First Proof. Suppose for the sake of contradiction that $f^{-1}$ is not multiplicative. Then there exist positive integers $m$ and $n$ with $(m, n) = 1$ such that
\[
f^{-1}(mn) \neq f^{-1}(m) f^{-1}(n).
\] We choose such a pair $m$ and $n$ for which the product $mn$ is the smallest. Since $f$ is multiplicative therefore $f^{-1}(1) = 1/f(1) = 1$ and hence neither $m$ nor $n$ can be $1$. In particular, $mn > 1$. By the construction of the product $mn$, $f(ab) = f(a)f(b)$ for all positive integers $a$ and $b$ with $(a, b) = 1$ and $ab < mn$. It now follows that
\[
\begin{align*} f^{-1}(mn) = -\sum_{\scriptstyle a | m \atop {\scriptstyle b | n \atop \scriptstyle ab < mn}} f^{-1}(a b) f \left( \frac{mn}{ab} \right) = -\sum_{\scriptstyle a | m \atop {\scriptstyle b | n \atop \scriptstyle ab < mn}} f^{-1}(a) f^{-1}(b) f \left( \frac{m}{a} \right) f\left( \frac{n}{b} \right)
\end{align*}\]
Splitting the sum we obtain
\[\begin{align*} f^{-1}(mn) &= -f^{-1}(n) \sum_{\scriptstyle a | m \atop \scriptstyle a < m} f^{-1}(a) f\left( \frac{m}{a} \right) -f^{-1}(m) \sum_{\scriptstyle b | n \atop \scriptstyle b < n} f^{-1}(b) f\left( \frac{n}{b} \right) \\ & -\sum_{\scriptstyle a | m \atop \scriptstyle a < m} \sum_{\scriptstyle b | n \atop \scriptstyle b < n} f^{-1}(a) f^{-1}(b) f \left( \frac{m}{a} \right) f\left( \frac{n}{b} \right) \\ &= f^{-1}(n)f^{-1}(m) + f^{-1}(m)f^{-1}(n) – f^{-1}(m)f^{-1}(n) \\ &= f^{-1}(m)f^{-1}(n). \end{align*} \] This contradiction proves the result.

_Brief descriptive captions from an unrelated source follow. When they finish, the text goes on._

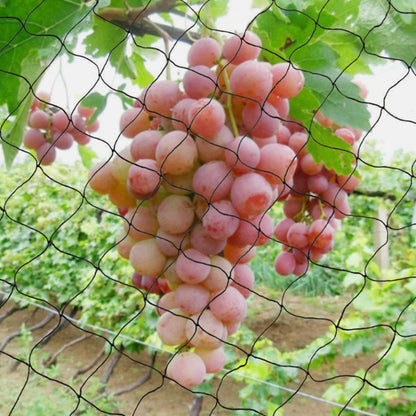 Nylon Bird Netting for Garden Fruit Tree and Crop Protection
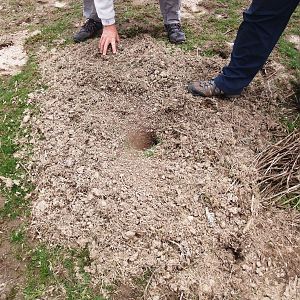Ethiopian Giant Mole-Rat Burrow Entrance in Bale Mountains NP, 15/10/14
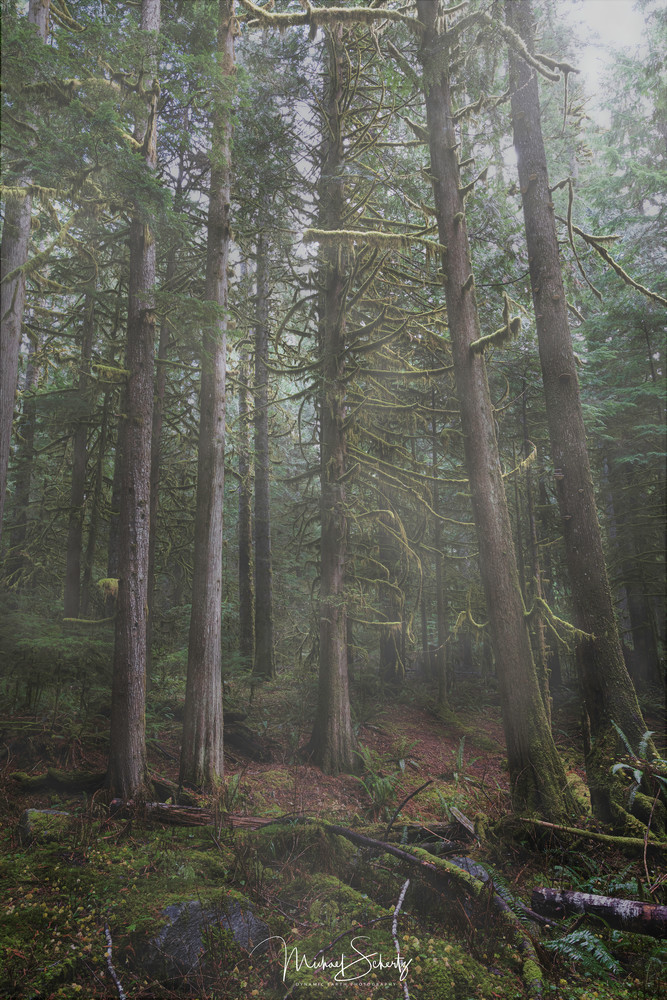 Forrest In Fog Photography Art | dynamicearthphotos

Second Proof. Let $g$ be an arithmetic function defined as
\[
g(n) = \prod_{p^a || n} f^{-1}(p^a).
\] Then $g$ is a multiplicative function by definition and so it suffices to show that $f^{-1} = g$. Note that
\[
\begin{align*}
(g * f)(p^k) &= \sum_{d | p^k} g(d) f(p^k/d) = \sum_{i = 0}^{k} g(p^i)f(p^{k-i}) \\
&= \sum_{i = 0}^{k} f^{-1}(p^i) f(p^{k-i}) = \sum_{d | p^k} f^{-1}(d) f(p^k/d) = (f^{-1} * f)(p^k) = e(p^k).
\end{align*}\] Because $g * f$ and $e$ are both multiplicative functions and agree on prime powers, it follows that $g * f = e$ and so $g = f^{-1}$.
The next result allows us to characterize completely multiplicative functions.
Theorem. Let $f$ be multiplicative. Then $f$ is completely multiplicative if and only if $f^{-1} = \mu f$.
Proof. Suppose $f$ is completely multiplicative. Then observe that
\[
(f * \mu f)(n) = \sum_{d | n} \mu(d) f(d) f \left( \frac{n}{d} \right) = f(n) \sum_{d | n} \mu(d) = f(n) e(n) = e(n).
\] Conversely, assume that $f^{-1} = \mu f$. Then observe that
\[
\sum_{d | n} \mu(d) f(d) f \left( \frac{n}{d} \right) = 0
\] for $n > 1$. Let $n = p^a$, where $a \geq 1$. Then, we get
\[
\mu(1)f(1)f(p^{a}) + \mu(p)f(p)f(p^{a -1}) = 0.
\] It then follows that
\[
f(p^{a}) = f(p)f(p^{a -1}).
\] This implies that $f(p^{a}) = f(p)^{a}$. Thus $f$ is completely multiplicative.